# What is your favorite food?



## ButIHaveNoFear (Sep 6, 2017)

I *really* like black beans and cabbage at the moment. But not necessarily at the same time!


----------



## SirCanSir (Mar 21, 2018)

hmmm. What if its you? :smug:


----------



## ButIHaveNoFear (Sep 6, 2017)

SirCanSir said:


> hmmm. What if its you? :smug:


Meh... See, I'm just now getting back into strength training, so let me get some more meat on my bones first! I wouldn't serve very many people as is!


----------



## Scoobyscoob (Sep 4, 2016)

These days, it's avocados in the form of guacamole. It's good for the body _and_ brain.

I'm also really liking loaded cauliflower mashed potatoes, but it's a hassle to make to all the time.

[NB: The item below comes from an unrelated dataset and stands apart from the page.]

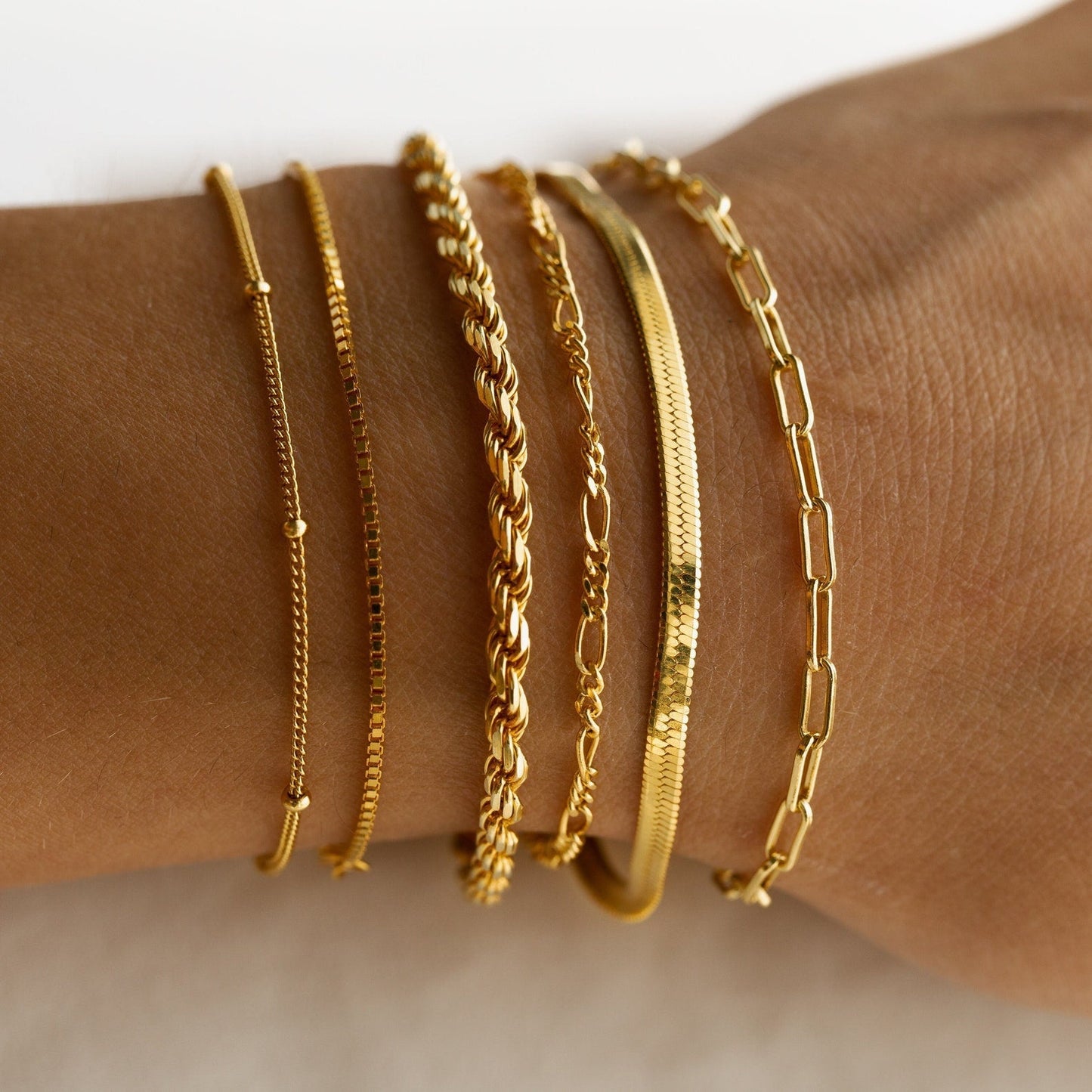 Bracelets en chaîne - Bracelets superposés minimalistes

Although I don't really like them all that much, I've been eating more beans lately. A Southwest chicken, beans and tortilla soup will be so much better when the weather becomes a bit cooler. Then there's also a good beef chili. So those're something to look forward to.


----------



## Super Luigi (Dec 1, 2015)

lasagna, pizza, ravioli, spaghetti - I'm really into Italian food for now


----------



## Etiennette (Mar 8, 2017)

[HR][/HR]Since it’s summer, chilled noodles with savory and sweet peanut sauce topped with a fried egg white omelette. It’s declicious, healthy, and fortunately very easy to make. My friend’s mom taught me it and now I can’t get enough of her recipes. :laughing:


----------



## Esmeraldinha (Aug 25, 2018)

Conchiglioni and strogonoff (not together, of course).

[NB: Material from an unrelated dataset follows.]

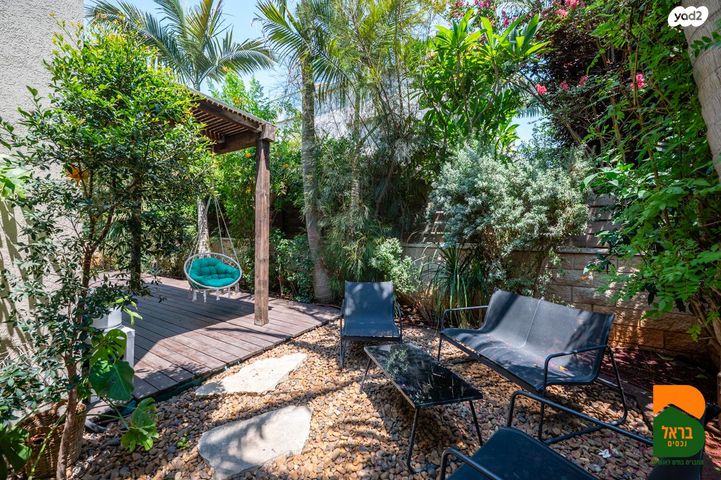 דו משפחתי, יובלים, פרדס חנה כרכור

I have sometimes been indulging in conchiglioni as a side dish, so I eat less. And I have not eaten strogonoff since... Gee, I don't even remember. But come Christmas....


----------



## Mmmm (Jul 6, 2012)

There's so many choices, I'll try to narrow it down to top 10: 
Spaghetti, Margherita Pizza, Mac n cheese, Chicken Tetrazzini, Beef Curry, Beef Tacos, Enmoladas, Cheeseburgers, Hash Brown Casserole, & Pecan Crusted Salmon. My mouth is watering & yet I could still go on. :tongue:


----------



## knife (Jul 10, 2013)

Generally whatever I'm making or contemplating making at the moment.

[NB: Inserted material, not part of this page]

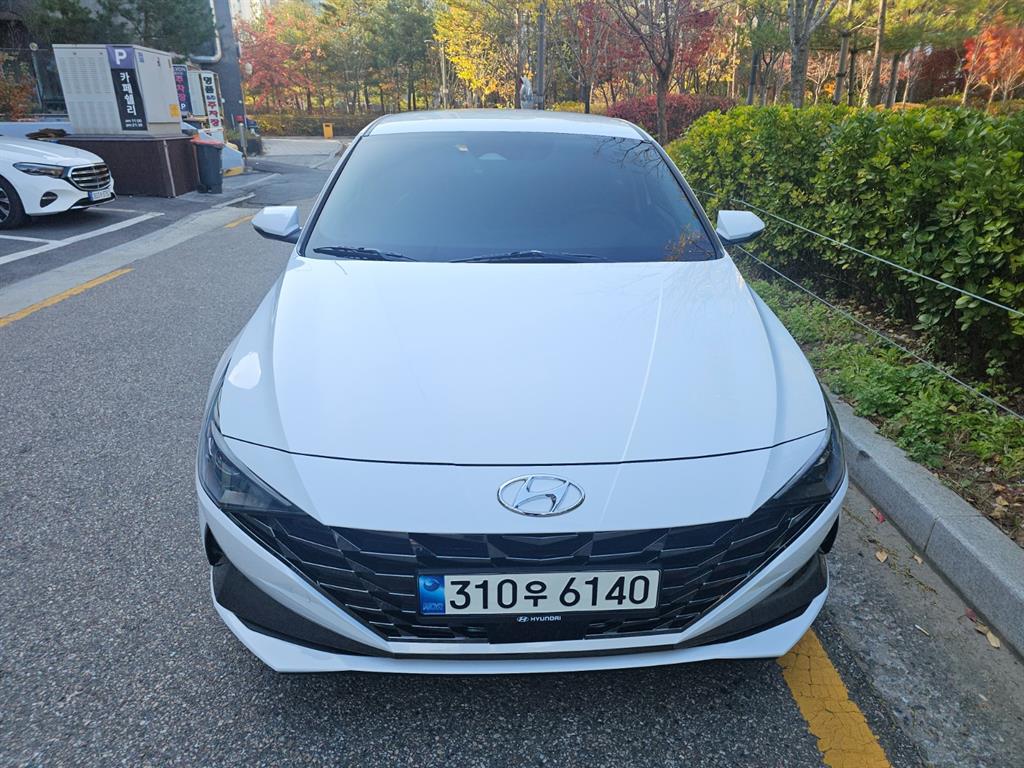 HYUNDAI Avante - Vista 11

I'm making a salami caprese bruschetta ... thing this week. :tongue: Also still thinking about fermenting my own kimchi, especially after the unqualified success I had with the sauerkraut. Mmmm.


----------



## BenevolentBitterBleeding (Mar 16, 2015)

Have many 'favourites', but this definitely somewhere high on list.​


----------



## Fohra (May 26, 2018)

I am an avid foodie and it is too hard to choose. My favorite is high quality food though.


----------



## Lakigigar (Jan 4, 2016)

i'm crazy about smoked salmon...

i really like spaghetti and belgian fries as well, the usual here... i like stuff like macaroni and so on as well... but... my guilty pleasure food is smoked salmon... I mean ugh... it's so delicious.


----------



## Super Luigi (Dec 1, 2015)

it's not really my favorite,
but I love cheeseburgers, hot dogs, French fries, watermelon, and corn

to me, these are all in the same category of food

you could eat any of them outdoors in the USA and it would be totally normal


----------



## The Dude (May 20, 2010)

Top 10 Countdown...

10) Banana pancakes 
9) Dipped Italian beef sandwich with hot giardiniara
8) Steak Tacos
7) BBQ Bacon Cheddar burgers 
6) Ribs 
5) BBQ Brisket 
4) Buffalo Chicken sliders 
3) Portillio’s Chili Cheese Dogs
2) Nachos 
1) Waffles w/strawberries and whipped cream


----------



## Forest Nymph (Aug 25, 2018)

I'm vegan and I go through phases where I lean towards Asian (stir fries with forbidden rice ramen or udon, veggies, tofu and maybe a peanut lime sauce) and others where I lean towards Mexican. Right now I'm pretty crazy about something in my neighborhood called a vegan super nacho burrito. Don't let the word "nacho" fool you - there's no cheese, it refers to crumbled crunchy tortilla chips inside of a bean and rice burrito with guacamole, olives, lettuce, jalapenos and salsa of choice. I never knew something so simple could be so addictive.


----------



## knife (Jul 10, 2013)

So the salami bruschetta thing I made ...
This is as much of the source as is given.